Published: 25 November 2011
The Henry Davison award, named after the IFRC’s founder, has been granted to outstanding individuals and National Societies for their valuable work. IFRC. The Henry Davison award, named after the IFRC’s founder, has been granted to outstanding individuals and National Societies for their valuable work. IFRC.

Geneva, November 24, 2011 – Today the International Federation of Red Cross and Red Crescent Societies (IFRC) held a special award ceremony during the 18th General Assembly in Geneva, Switzerland, to honour volunteers for their remarkable actions in the humanitarian field.

Ms. Geri Lau, IFRC's head of organizational development, said: “Volunteers are the ones who make time for others and put themselves out there everyday, often risking their lives for the sake of humanity. Recognizing their altruistic efforts is of primary importance for us.”

Since 2003, the Henry Davison award, named after the IFRC’s founder, has been granted to outstanding individuals and National Societies for their valuable work towards improving the lives of the most vulnerable through initiatives that build the capacity of National Societies, and for their lifetime dedication to voluntary service.
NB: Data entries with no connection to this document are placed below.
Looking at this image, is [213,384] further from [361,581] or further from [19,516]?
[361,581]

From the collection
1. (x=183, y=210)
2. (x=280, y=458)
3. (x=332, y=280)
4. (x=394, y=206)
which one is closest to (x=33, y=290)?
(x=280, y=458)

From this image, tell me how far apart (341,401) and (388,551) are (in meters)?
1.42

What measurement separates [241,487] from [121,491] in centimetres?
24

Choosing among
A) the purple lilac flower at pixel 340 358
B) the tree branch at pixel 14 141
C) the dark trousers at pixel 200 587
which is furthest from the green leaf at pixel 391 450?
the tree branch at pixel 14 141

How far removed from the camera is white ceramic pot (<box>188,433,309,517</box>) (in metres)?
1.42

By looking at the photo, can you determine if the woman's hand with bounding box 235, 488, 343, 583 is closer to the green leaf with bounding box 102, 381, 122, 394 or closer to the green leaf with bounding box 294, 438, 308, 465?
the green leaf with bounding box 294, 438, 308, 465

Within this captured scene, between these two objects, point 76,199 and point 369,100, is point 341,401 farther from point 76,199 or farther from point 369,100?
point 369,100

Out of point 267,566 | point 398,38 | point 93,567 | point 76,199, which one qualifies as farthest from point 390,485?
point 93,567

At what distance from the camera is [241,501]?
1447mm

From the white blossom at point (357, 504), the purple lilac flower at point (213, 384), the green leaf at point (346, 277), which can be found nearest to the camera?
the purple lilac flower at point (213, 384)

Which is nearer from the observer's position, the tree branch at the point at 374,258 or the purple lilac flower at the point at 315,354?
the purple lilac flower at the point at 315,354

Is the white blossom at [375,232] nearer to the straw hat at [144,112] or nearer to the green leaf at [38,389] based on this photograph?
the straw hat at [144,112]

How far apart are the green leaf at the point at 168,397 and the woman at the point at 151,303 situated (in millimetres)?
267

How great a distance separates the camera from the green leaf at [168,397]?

Two distinguished contributors to the IFRC’s mission have been honoured with the Henry Davison Award this year: Dr. Kee-Sun Ham, Founder and President of Hanseo University and member of the Republic of Korea National Red Cross committee, and Dr. Ivan Usichenko, president of the Ukranian Red Cross Society.

Youth as agents of change

Red Cross Red Crescent National Societies have also been rewarded for outstanding programs enhancing the role of youth as agents of change in their communities.

The Costa Rica Red Cross was recognized for its creative initiative, after creating an online radio station run by the Costa Rica Red Cross Youth. This was seen as a powerful communication tool that reaches the youth by speaking its language.
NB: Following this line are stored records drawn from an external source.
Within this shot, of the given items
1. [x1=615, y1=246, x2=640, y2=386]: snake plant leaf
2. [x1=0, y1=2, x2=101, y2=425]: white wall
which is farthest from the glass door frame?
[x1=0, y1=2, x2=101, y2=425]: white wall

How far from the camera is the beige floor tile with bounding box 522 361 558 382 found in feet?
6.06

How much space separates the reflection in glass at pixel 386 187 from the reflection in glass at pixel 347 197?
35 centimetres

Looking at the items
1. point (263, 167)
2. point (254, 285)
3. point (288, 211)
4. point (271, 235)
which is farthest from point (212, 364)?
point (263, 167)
The Bulgarian Red Cross won an award for bringing together young people from different ethnic origins in initiatives that promote integration among themselves and within communities.

The Irish Red Cross was commended for approaching HIV/AIDS stigma elimination and prevention, taking into account the effect religious beliefs may have on young people’s perception of the issue.

Finally, the Philippines Red Cross was awarded for raising the awareness of its youth volunteers on the impact and adverse effects of climate change in a fun and dynamic way.

Developing volunteer resources

When it comes to managing volunteers, whether in every day activities or during disasters – where every second is vital - an efficient and robust system can make the difference in saving lives.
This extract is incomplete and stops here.